Cela conduit, entre autres, à deux constats interreliés. D'une part, les États-Unis souffrent présentement, au palier de leurs deux grandes formations politiques, d'un affaissement du débat public. Quand un parti occupe tous les créneaux, exécutif, législatif et judiciaire, le consensus déferle avant que naisse le débat. C'est ce que vivent les États-Unis présentement. D'autre part, il n'existe aujourd'hui qu'une voie pour ranimer le débat public et rendre la nation à ses doutes et à ses curiosités, celle d'une victoire démocrate au palier du pouvoir exécutif. Alimentée par l'inimitié partisane, la polémique reprendrait vie et les publics s'aligneraient soit sur le président soit sur le pouvoir législatif.

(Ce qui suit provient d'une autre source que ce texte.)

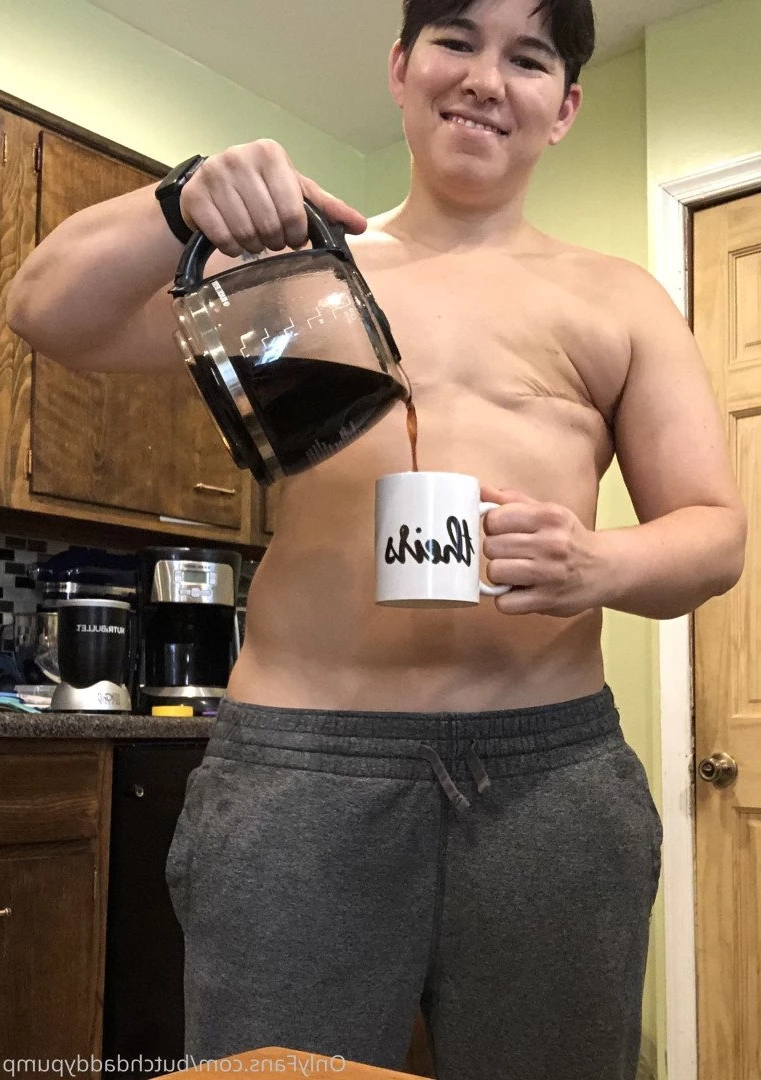 Big Zaddy Butch [ butchdaddypump ] Onlyfans leaked photo 3627152 on Hotleaks.tv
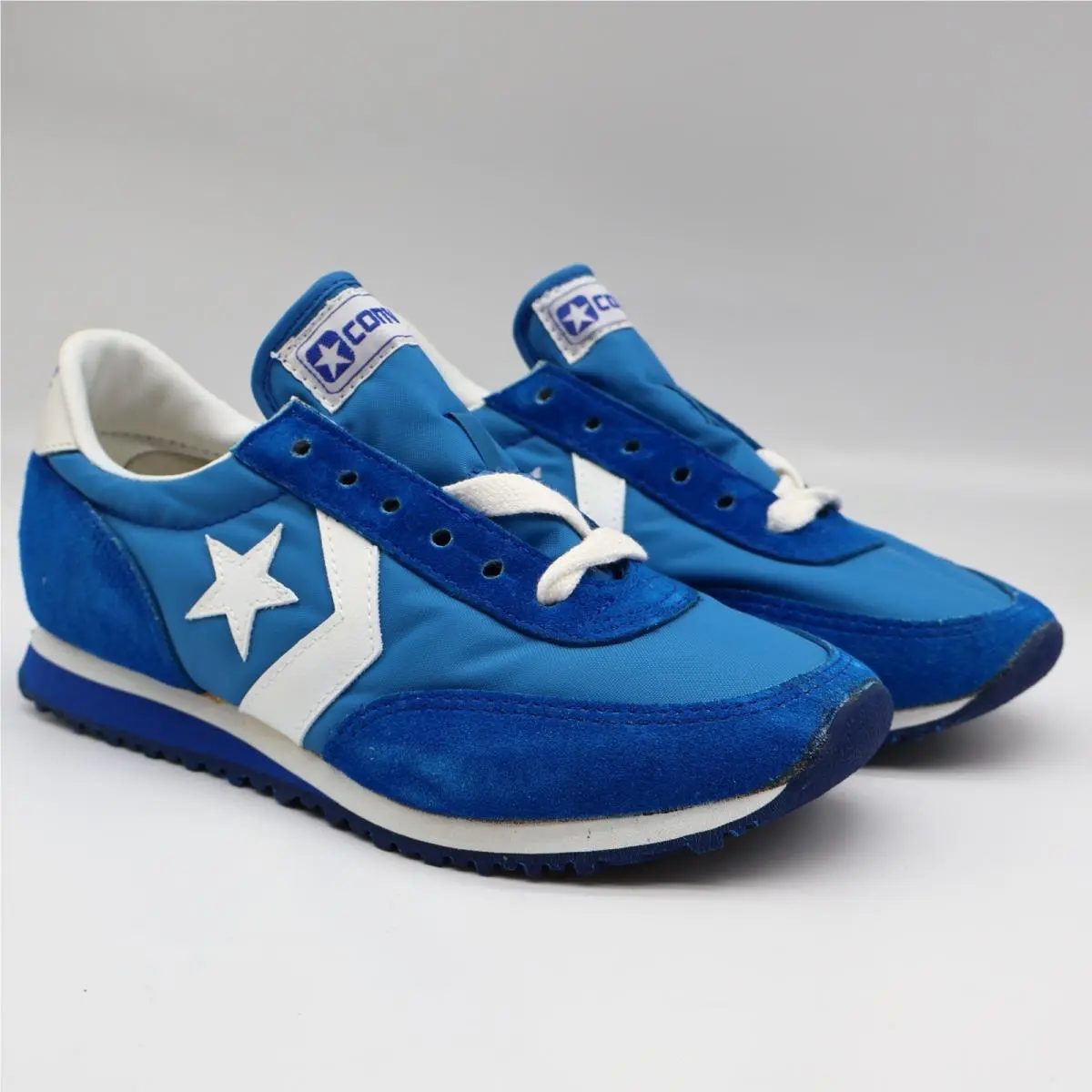 Converse shoes - Road Star - Road Star - Blue 0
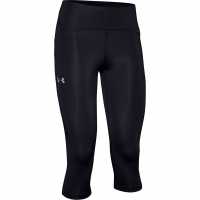 Under Armour Дамски Клин Fly Fast Speed Capri Leggings Ladies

Ranimer le débat, ce n'est pas exiger d'une Maison-Blanche démocrate qu'elle inverse subitement la présente trajectoire étatsunienne. Bill Clinton n'a pas obtenu les réformes sociales qu'il prétendait instaurer et l'on peut parier que John Kerry éprouverait quelques difficultés à libérer le pays du complexe militaro-industriel. Le souque-à-la-corde entre un président démocrate et des chambres républicaines recréerait néanmoins les tensions fécondes que souhaitaient les penseurs de l'État étatsunien. Alors que le maintien d'un contrôle républicain sur tous les leviers de commande amplifierait les propensions des États-Unis à un comportement hégémonique.

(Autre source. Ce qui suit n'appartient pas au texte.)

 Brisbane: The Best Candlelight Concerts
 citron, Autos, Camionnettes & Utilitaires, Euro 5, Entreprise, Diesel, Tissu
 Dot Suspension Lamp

Même si tout était égal par ailleurs, mieux vaut une présidence échappant à l'actuel nivellement républicain. Pour une fois, la structure mériterait plus d'attention.

Laurent Laplante

P.S. Il y a cinq ans ces jours-ci, à l'appel de Jean-Pierre Cloutier, nous nous lancions, Mychelle Tremblay et moi, dans l'aventure des Dixit. Parfois essoufflés, toujours convaincus de l'utilité du débat public, nous persévérons depuis ce moment-là. Que soient remerciés ceux qui partagent notre conviction!